AUGUSTA — After receiving ringing statements of support from a cross-section of Maine law enforcement, 27-year state police veteran Robert Williams on Thursday won a legislative committee’s endorsement to head the force.

The Criminal Justice and Public Safety Committee’s 13-0 vote virtually locks a favorable state Senate vote for the Vassalboro resident’s confirmation.

Williams, a lieutenant colonel with the state police, is a graduate of the University of Maine at Augusta and holds a master’s degree in administration from Husson University. He also graduated from the FBI’s National Academy in Quantico, Va.
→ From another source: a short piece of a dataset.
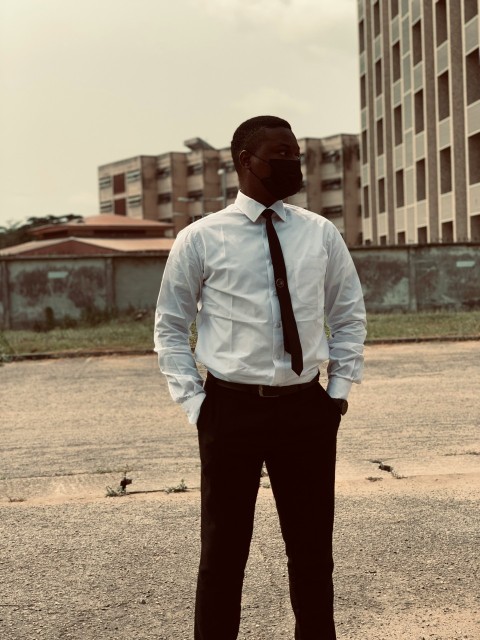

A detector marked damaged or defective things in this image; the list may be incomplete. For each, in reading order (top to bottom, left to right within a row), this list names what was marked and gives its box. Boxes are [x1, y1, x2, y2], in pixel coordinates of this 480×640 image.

cracked concrete ground [0, 342, 480, 636]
Republican Gov. Paul LePage’s nominee was described by Public Safety Commissioner John Morris as well-rounded in all phases of police work and “the right man at the right time for this position.”
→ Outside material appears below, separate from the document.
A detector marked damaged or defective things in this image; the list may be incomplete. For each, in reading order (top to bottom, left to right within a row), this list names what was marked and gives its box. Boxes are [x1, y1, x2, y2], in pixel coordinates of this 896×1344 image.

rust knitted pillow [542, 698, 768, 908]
Morris’ views were echoed by Attorney General William Schneider, who called Williams “a terrific, professional trooper.” Williams’ former boss Craig Poulin, who headed the state police, called Williams “a man of character.”

“Lieutenant Colonel Williams will not disappoint you,” Poulin promised.

If confirmed, Williams, who now serves as deputy chief of the department, will get the title of colonel. He’ll succeed Patrick Fleming, who retired Sunday and is now executive director of the state’s Gambling Control Board.

Williams, 47, told the committee he’s held almost every job in the state police except for detective and chief.

“I have been involved in every aspect of state police planning, organizing, staffing, directing, budgeting and managing,” Williams said. “Some issues I’ve dealt with at the command level involve helping develop five biennial budgets, working with criminal justice partners from all levels, negotiating contracts, developing policy, hiring and promoting of personnel and, unfortunately, the occasional disciplinary issue.”

In addition, he said, he’s written major operational plans and applied for millions of dollars in grants — and even prepared legislative testimony.

Asked what his major challenges are, Williams said, “Keeping up with society.” He referred to the constant changes in technology, noting that most crimes today involve some kind of electronic device. Another challenge is keeping up with the changing law enforcement demands created by Maine’s growing elderly population.

County sheriffs, a representative of the Maine Chiefs of Police Association, the Maine State Troopers Association and others spoke in Williams’ support. No one opposed his appointment.